Answer with the exact lines of the following material from the one containing "by Audre Lorde" through the one containing "2girls aqua_eyes aqua_hair", both end lines included.

Data records:
--- START ---

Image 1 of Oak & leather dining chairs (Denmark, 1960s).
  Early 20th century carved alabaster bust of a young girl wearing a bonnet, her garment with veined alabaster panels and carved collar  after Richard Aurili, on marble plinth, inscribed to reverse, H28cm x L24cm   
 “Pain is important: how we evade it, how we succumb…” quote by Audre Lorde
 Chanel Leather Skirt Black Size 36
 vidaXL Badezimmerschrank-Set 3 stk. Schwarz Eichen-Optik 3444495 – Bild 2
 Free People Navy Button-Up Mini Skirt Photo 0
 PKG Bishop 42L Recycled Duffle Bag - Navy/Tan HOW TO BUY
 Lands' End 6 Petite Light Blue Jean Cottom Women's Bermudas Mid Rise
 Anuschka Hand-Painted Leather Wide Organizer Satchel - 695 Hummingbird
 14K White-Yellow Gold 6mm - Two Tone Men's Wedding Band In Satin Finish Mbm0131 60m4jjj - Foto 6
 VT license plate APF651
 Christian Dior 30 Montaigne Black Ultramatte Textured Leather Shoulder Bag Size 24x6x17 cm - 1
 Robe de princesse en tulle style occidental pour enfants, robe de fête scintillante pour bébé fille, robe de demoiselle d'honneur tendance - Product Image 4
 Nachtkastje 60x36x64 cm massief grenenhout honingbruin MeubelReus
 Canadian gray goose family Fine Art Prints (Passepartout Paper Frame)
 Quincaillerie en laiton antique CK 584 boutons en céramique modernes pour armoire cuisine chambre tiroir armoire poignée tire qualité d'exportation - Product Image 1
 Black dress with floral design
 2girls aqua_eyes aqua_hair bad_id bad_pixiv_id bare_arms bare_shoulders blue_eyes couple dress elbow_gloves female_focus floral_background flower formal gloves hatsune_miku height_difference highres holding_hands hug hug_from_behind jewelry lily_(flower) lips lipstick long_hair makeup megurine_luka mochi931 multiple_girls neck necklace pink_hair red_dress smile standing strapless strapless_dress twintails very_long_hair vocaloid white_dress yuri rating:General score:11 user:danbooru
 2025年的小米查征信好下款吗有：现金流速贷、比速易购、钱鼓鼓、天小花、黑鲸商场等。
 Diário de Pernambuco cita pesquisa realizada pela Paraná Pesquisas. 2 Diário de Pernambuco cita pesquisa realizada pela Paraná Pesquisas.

--- END ---

Expected answer:
 “Pain is important: how we evade it, how we succumb…” quote by Audre Lorde
 Chanel Leather Skirt Black Size 36
 vidaXL Badezimmerschrank-Set 3 stk. Schwarz Eichen-Optik 3444495 – Bild 2
 Free People Navy Button-Up Mini Skirt Photo 0
 PKG Bishop 42L Recycled Duffle Bag - Navy/Tan HOW TO BUY
 Lands' End 6 Petite Light Blue Jean Cottom Women's Bermudas Mid Rise
 Anuschka Hand-Painted Leather Wide Organizer Satchel - 695 Hummingbird
 14K White-Yellow Gold 6mm - Two Tone Men's Wedding Band In Satin Finish Mbm0131 60m4jjj - Foto 6
 VT license plate APF651
 Christian Dior 30 Montaigne Black Ultramatte Textured Leather Shoulder Bag Size 24x6x17 cm - 1
 Robe de princesse en tulle style occidental pour enfants, robe de fête scintillante pour bébé fille, robe de demoiselle d'honneur tendance - Product Image 4
 Nachtkastje 60x36x64 cm massief grenenhout honingbruin MeubelReus
 Canadian gray goose family Fine Art Prints (Passepartout Paper Frame)
 Quincaillerie en laiton antique CK 584 boutons en céramique modernes pour armoire cuisine chambre tiroir armoire poignée tire qualité d'exportation - Product Image 1
 Black dress with floral design
 2girls aqua_eyes aqua_hair bad_id bad_pixiv_id bare_arms bare_shoulders blue_eyes couple dress elbow_gloves female_focus floral_background flower formal gloves hatsune_miku height_difference highres holding_hands hug hug_from_behind jewelry lily_(flower) lips lipstick long_hair makeup megurine_luka mochi931 multiple_girls neck necklace pink_hair red_dress smile standing strapless strapless_dress twintails very_long_hair vocaloid white_dress yuri rating:General score:11 user:danbooru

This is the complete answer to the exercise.